- EXERCISE DATA -
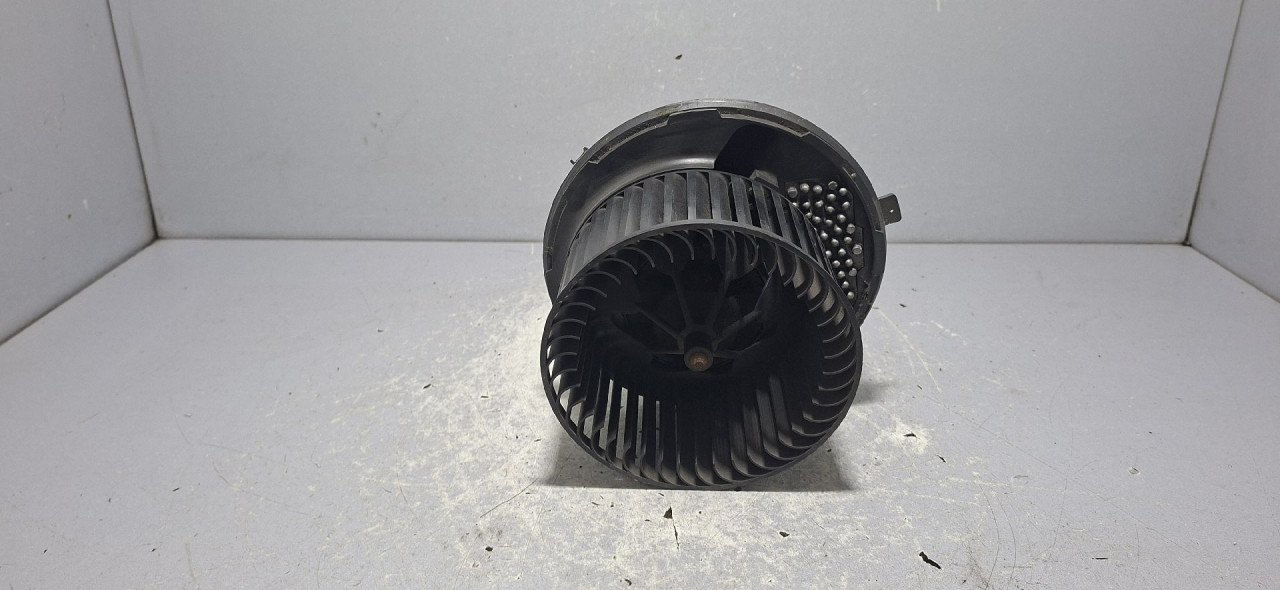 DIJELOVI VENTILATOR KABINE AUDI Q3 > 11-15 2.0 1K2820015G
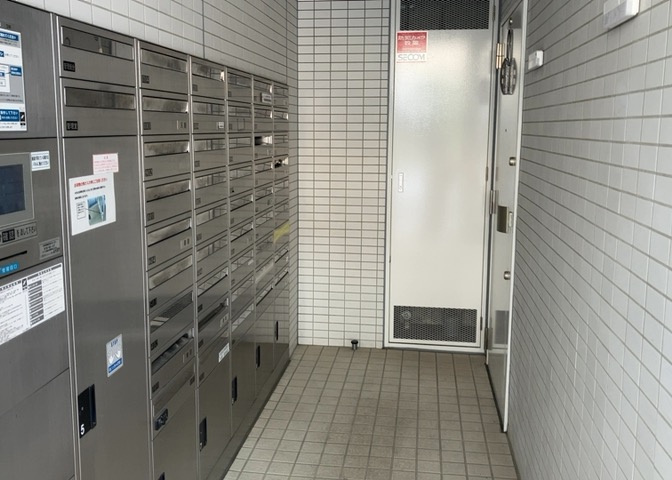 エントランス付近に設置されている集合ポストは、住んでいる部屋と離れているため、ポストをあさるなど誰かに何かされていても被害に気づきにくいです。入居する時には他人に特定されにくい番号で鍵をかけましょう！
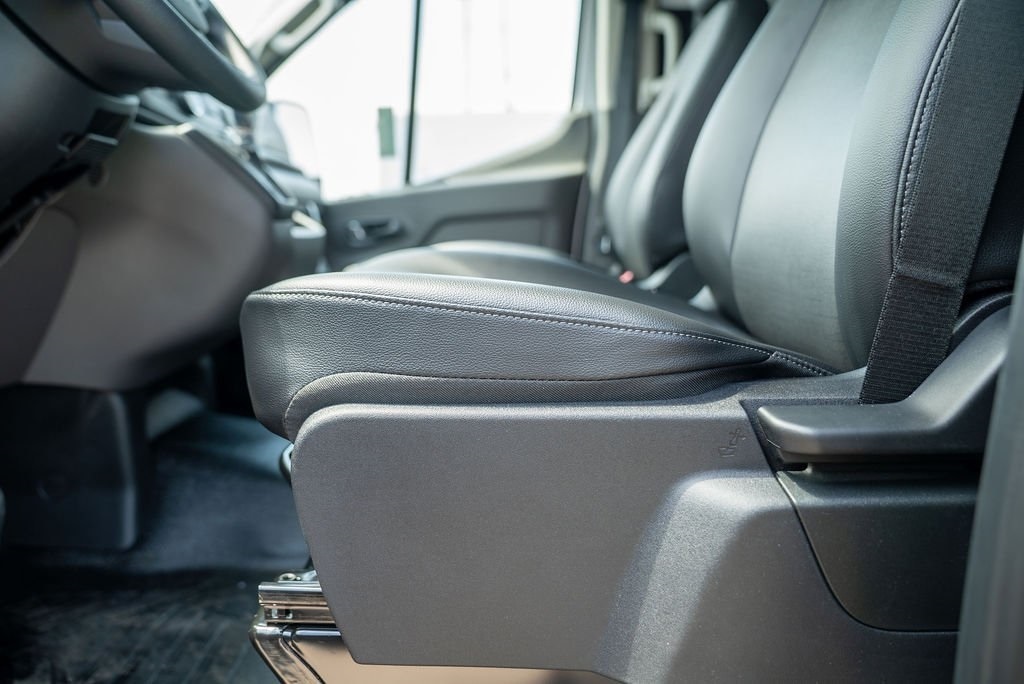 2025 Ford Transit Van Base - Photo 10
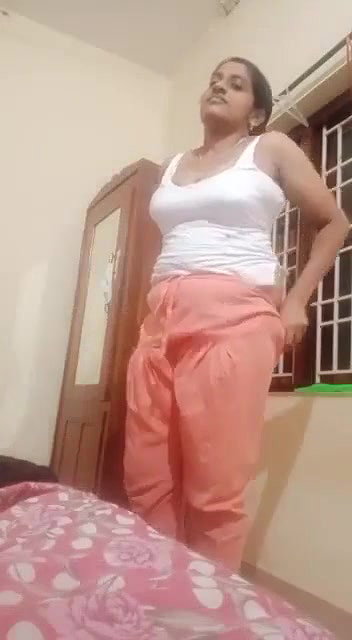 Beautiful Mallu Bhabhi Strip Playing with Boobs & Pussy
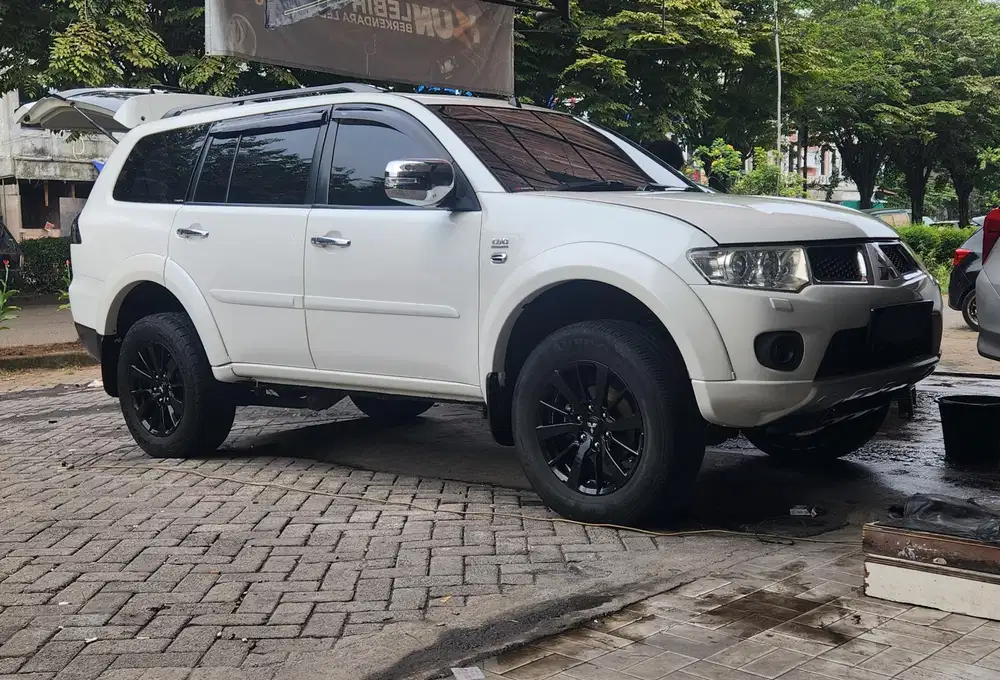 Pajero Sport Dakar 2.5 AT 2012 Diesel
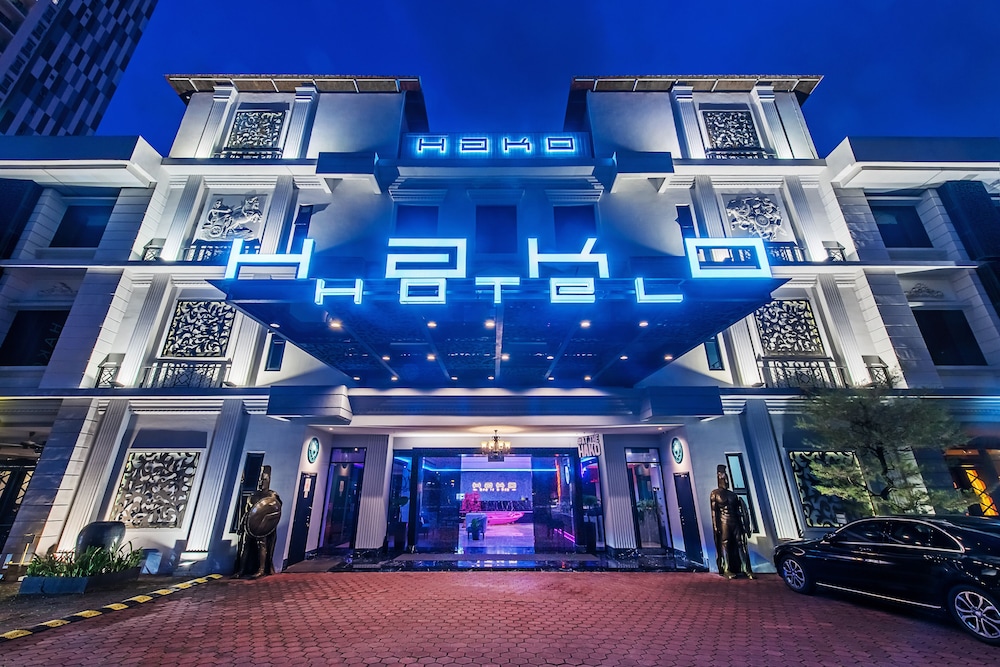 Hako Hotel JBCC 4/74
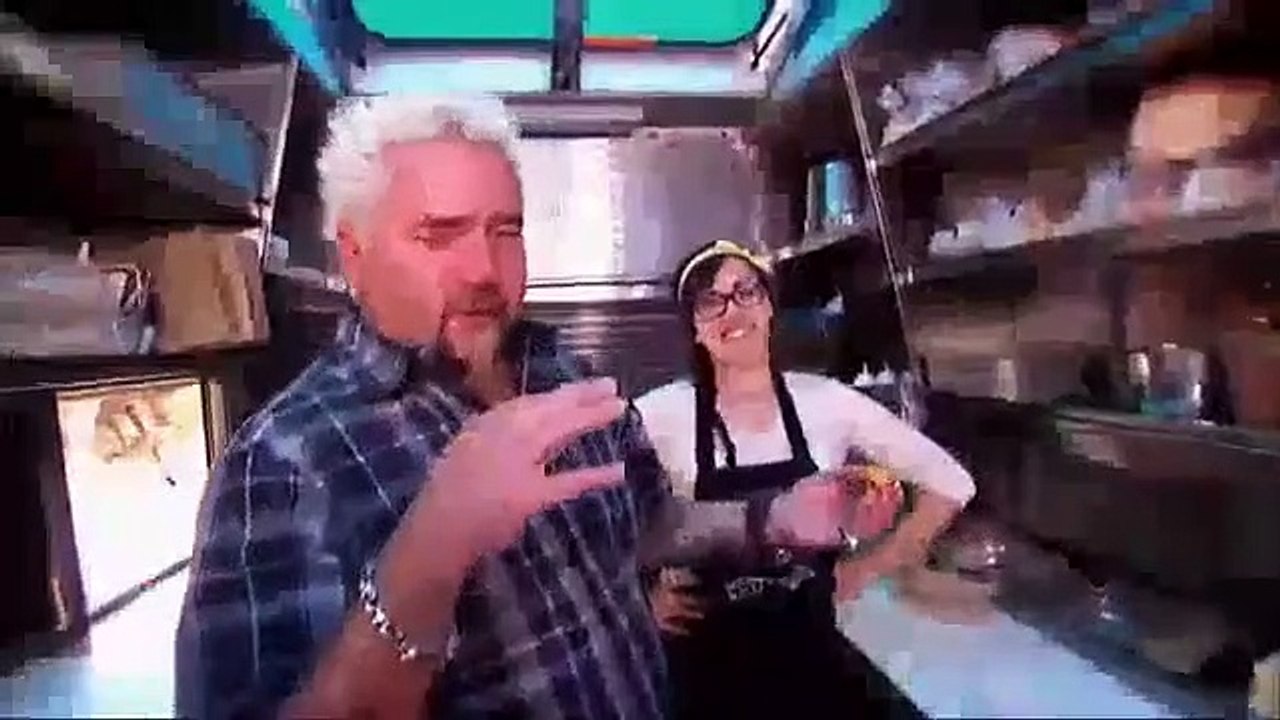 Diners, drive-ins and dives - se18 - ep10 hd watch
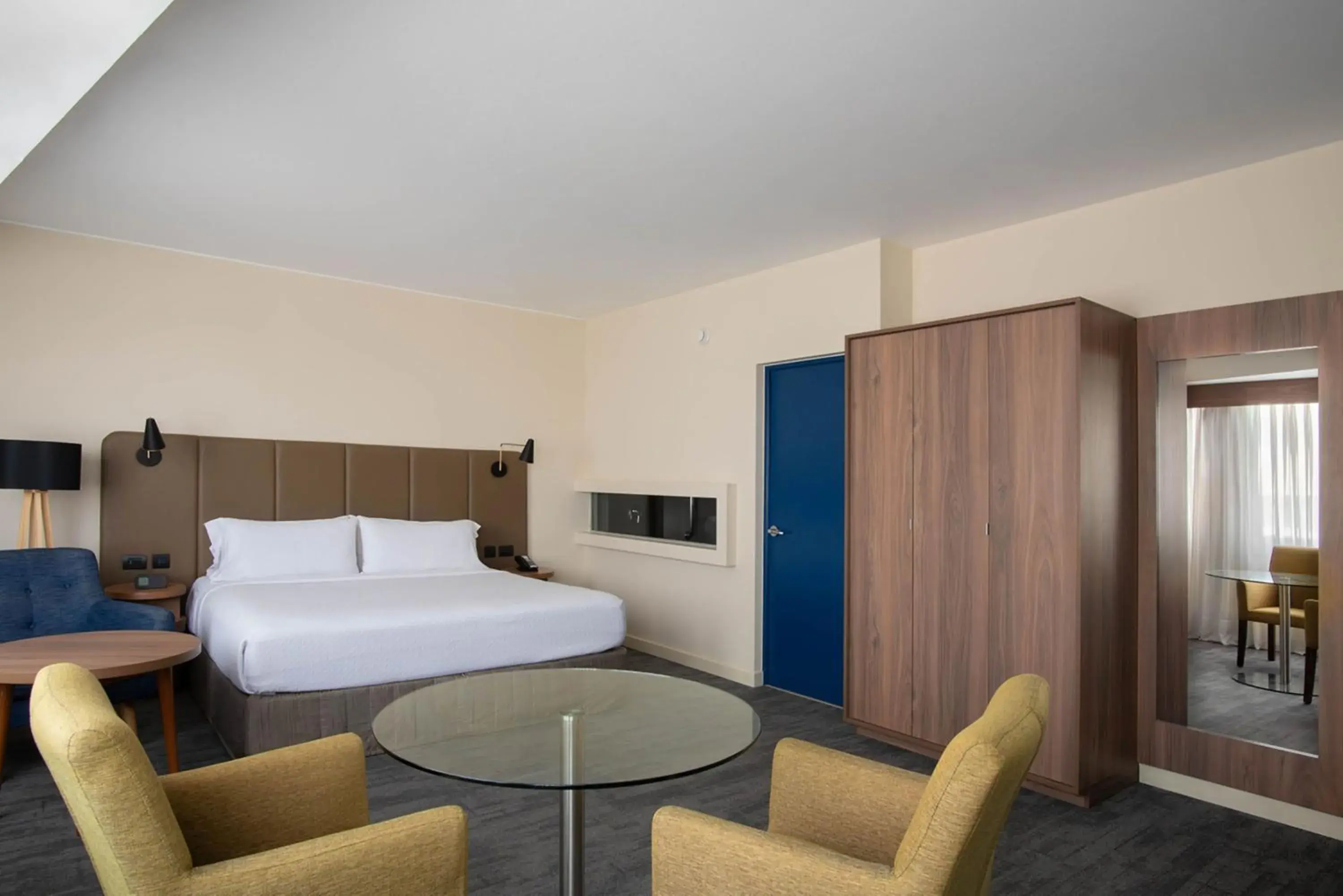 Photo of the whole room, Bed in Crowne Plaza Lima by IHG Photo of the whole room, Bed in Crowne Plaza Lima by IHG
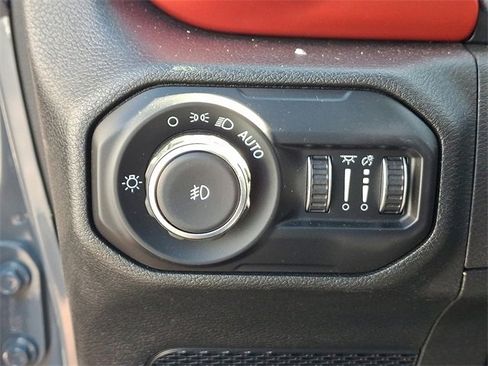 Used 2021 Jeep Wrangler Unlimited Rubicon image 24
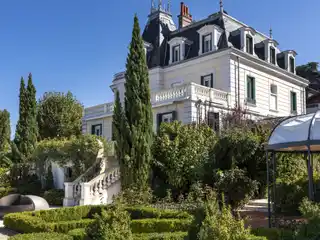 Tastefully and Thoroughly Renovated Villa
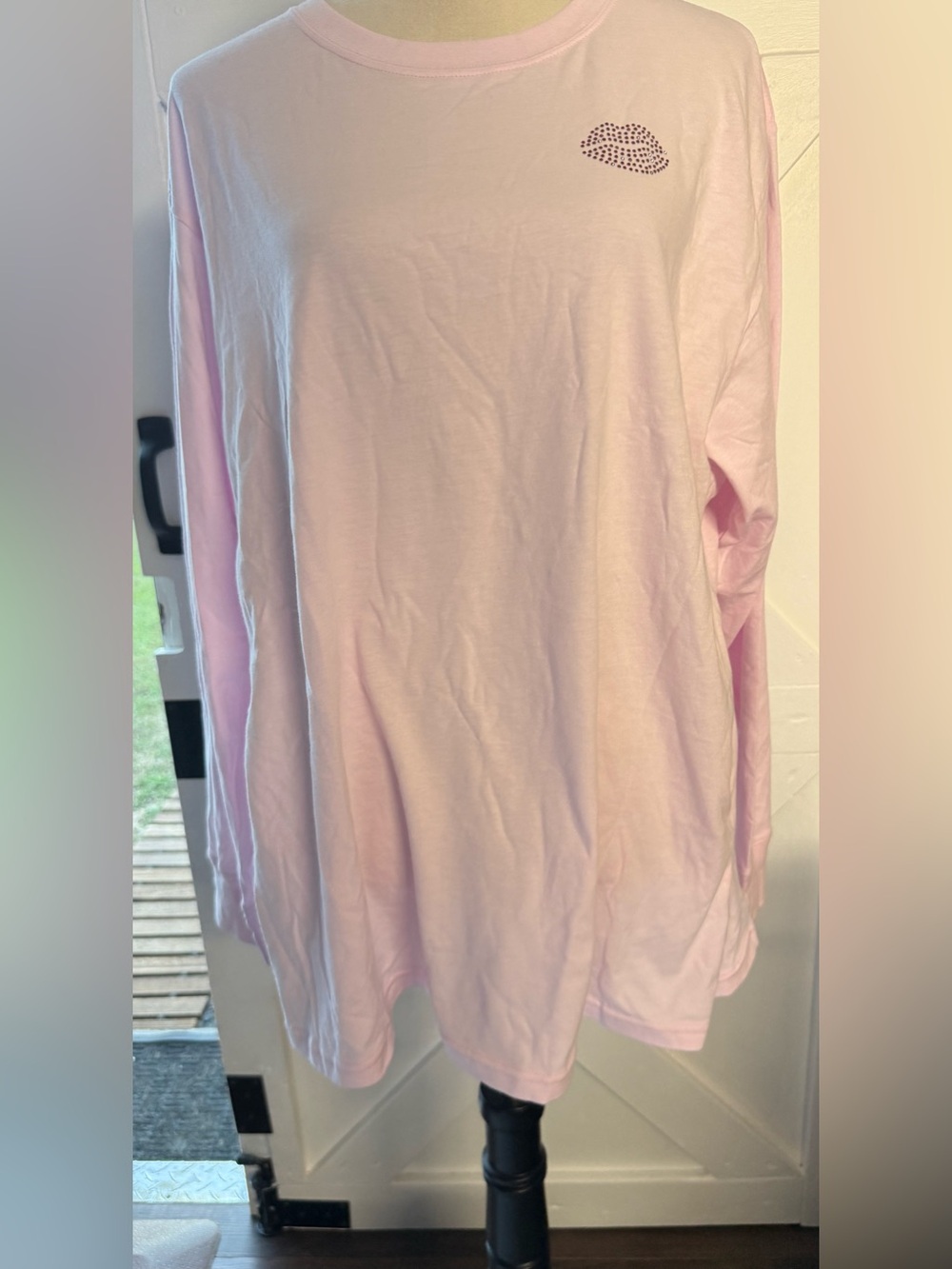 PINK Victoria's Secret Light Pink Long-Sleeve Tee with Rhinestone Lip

- TRY IT -
Copy out the records exactly; the pictures stay behind.

- RESULT -
 DIJELOVI VENTILATOR KABINE AUDI Q3 > 11-15 2.0 1K2820015G
 エントランス付近に設置されている集合ポストは、住んでいる部屋と離れているため、ポストをあさるなど誰かに何かされていても被害に気づきにくいです。入居する時には他人に特定されにくい番号で鍵をかけましょう！
 2025 Ford Transit Van Base - Photo 10
 Beautiful Mallu Bhabhi Strip Playing with Boobs & Pussy
 Pajero Sport Dakar 2.5 AT 2012 Diesel
 Hako Hotel JBCC 4/74
 Diners, drive-ins and dives - se18 - ep10 hd watch
 Photo of the whole room, Bed in Crowne Plaza Lima by IHG Photo of the whole room, Bed in Crowne Plaza Lima by IHG
 Used 2021 Jeep Wrangler Unlimited Rubicon image 24
 Tastefully and Thoroughly Renovated Villa
 PINK Victoria's Secret Light Pink Long-Sleeve Tee with Rhinestone Lip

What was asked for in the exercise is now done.